The Separate Schools Question
The Northwest Territories Act, 1875 included provisions that offered the population of the Northwest Territories the same rights to a religious education as those given to the people of Ontario when that province joined Confederation. The Act permitted territorial officials to pass laws ensuring that Catholic or Protestant minorities could establish separate schools in any district.
Laws passed in 1884 and 1885 formally established the Territories' education system, with its two components of private and public schools. However, an 1886 amendment to these laws made it impossible to open separate schools except in an existing school district. Separate schools could no longer be set up in new school districts.
In 1892 the Council of Education replaced the old Board of Education, and religious minorities were further disadvantaged within the Territorial school system. The creation of the Department of Education in 1901 did nothing to remedy the situation.
In 1905, when Prime Minister Wilfrid Laurier presented a bill on the creation of the provinces of Alberta and Saskatchewan, he dealt with the schools question by stating that school administration would be as stipulated in the British North America Act
( www.canada.justice.gc.ca/loireg/rapport/en/p1t1-1.html). The educational system would be similar to systems in Ontario and Quebec, and would allow for the creation of two parallel school systems -- one Catholic and one Protestant.

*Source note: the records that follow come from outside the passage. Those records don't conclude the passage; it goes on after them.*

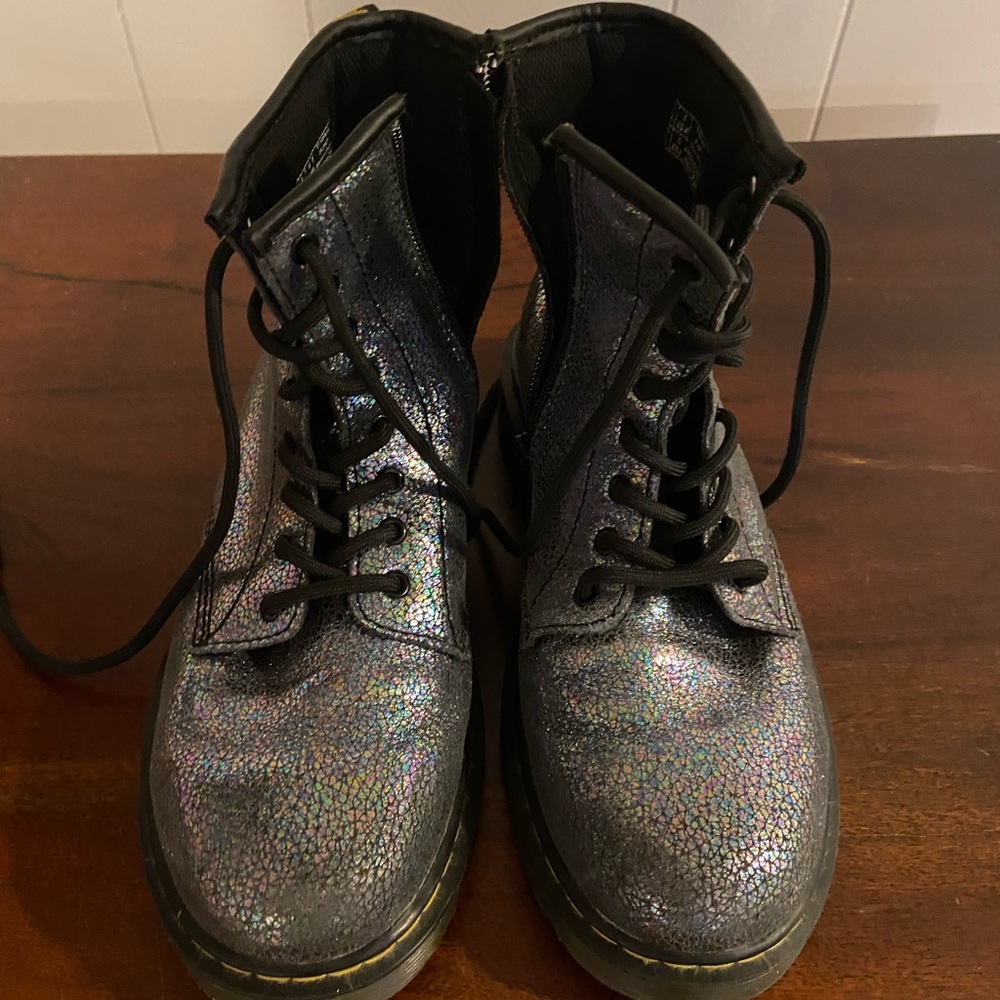 Dr. Martens kids iridescent boots size 4 youth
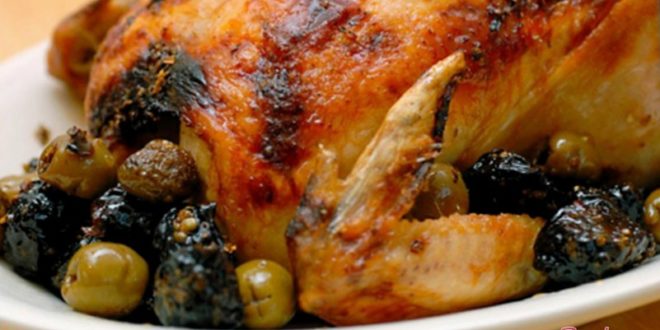 Курица с черносливом в духовке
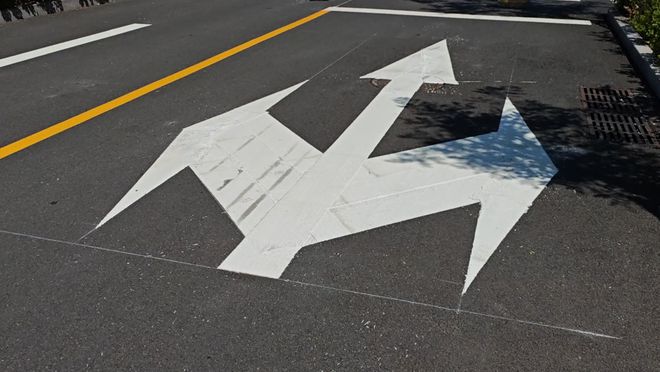 壹点帮办没路牌、没划线济南这条道路为何“赤裸”通车了？(图2)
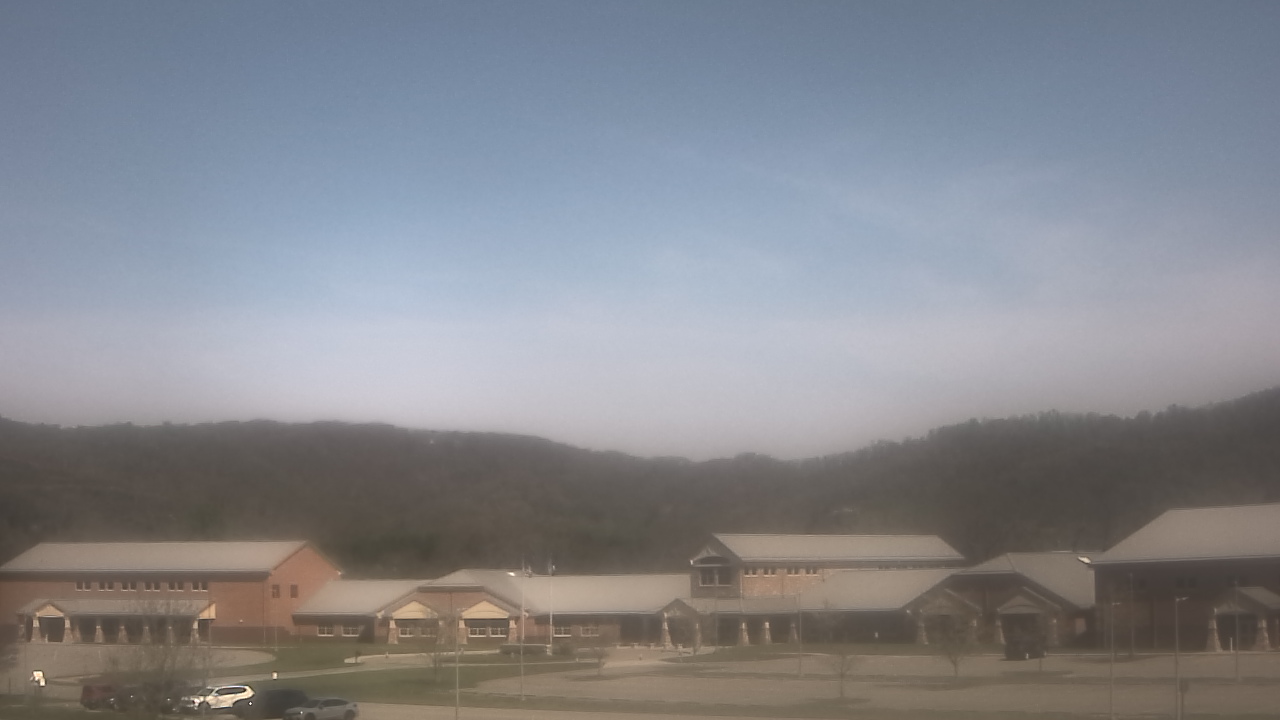Thumbnail for current weather camera view from Windy Gap Elementary in Hardy, Virginia
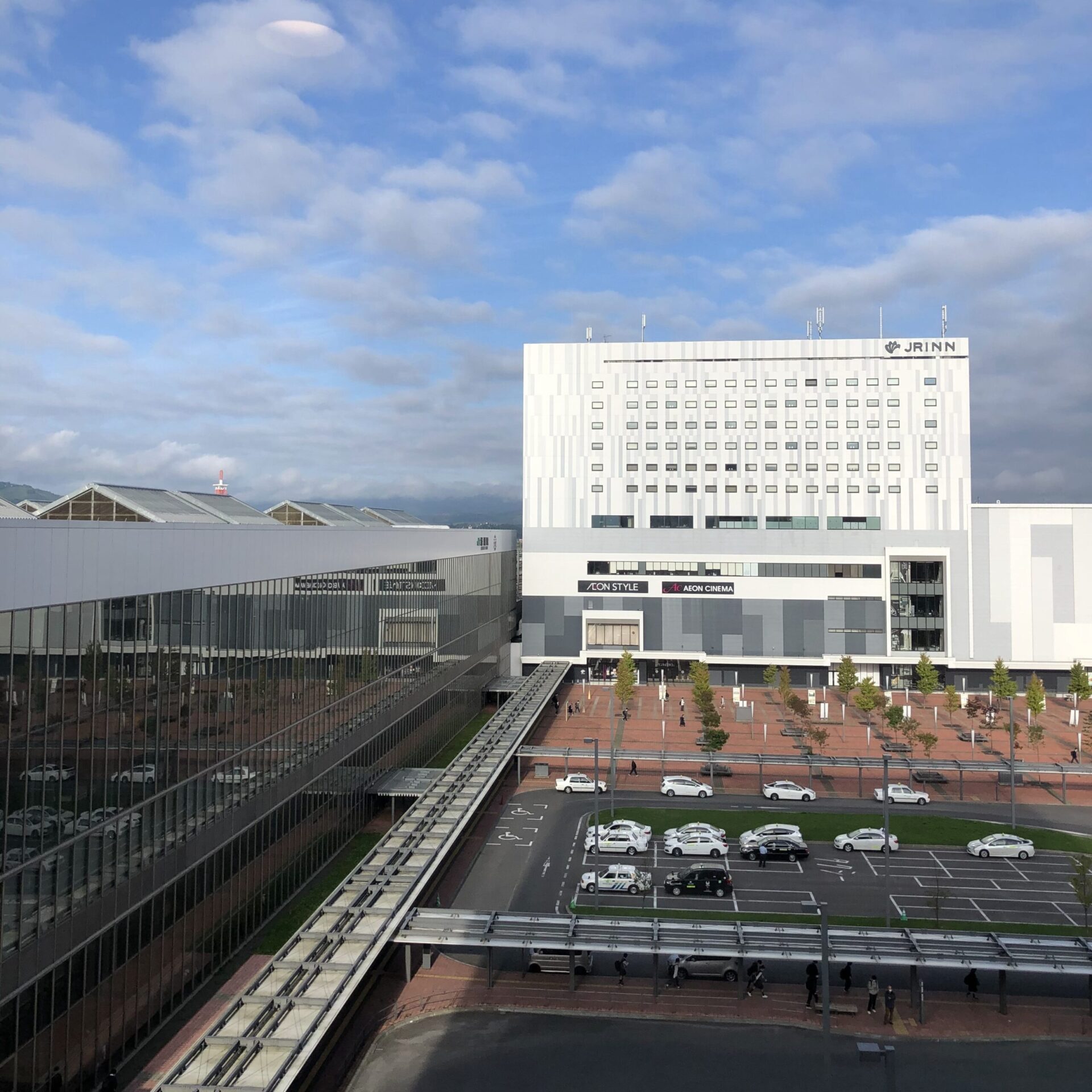 旭川駅前のホテルの部屋からの眺め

This clause was unacceptable to a large part of the Northwest Territories' population, the members of the Legislative Assembly, the press and the western clergy. Clifford Sifton, Minister of the Interior, resigned over the issue to voice his disagreement with Laurier's handling of the situation.
Laurier was forced to back down. He proposed an amendment to his own law, and the schools clause reverted to the way it had been in 1892.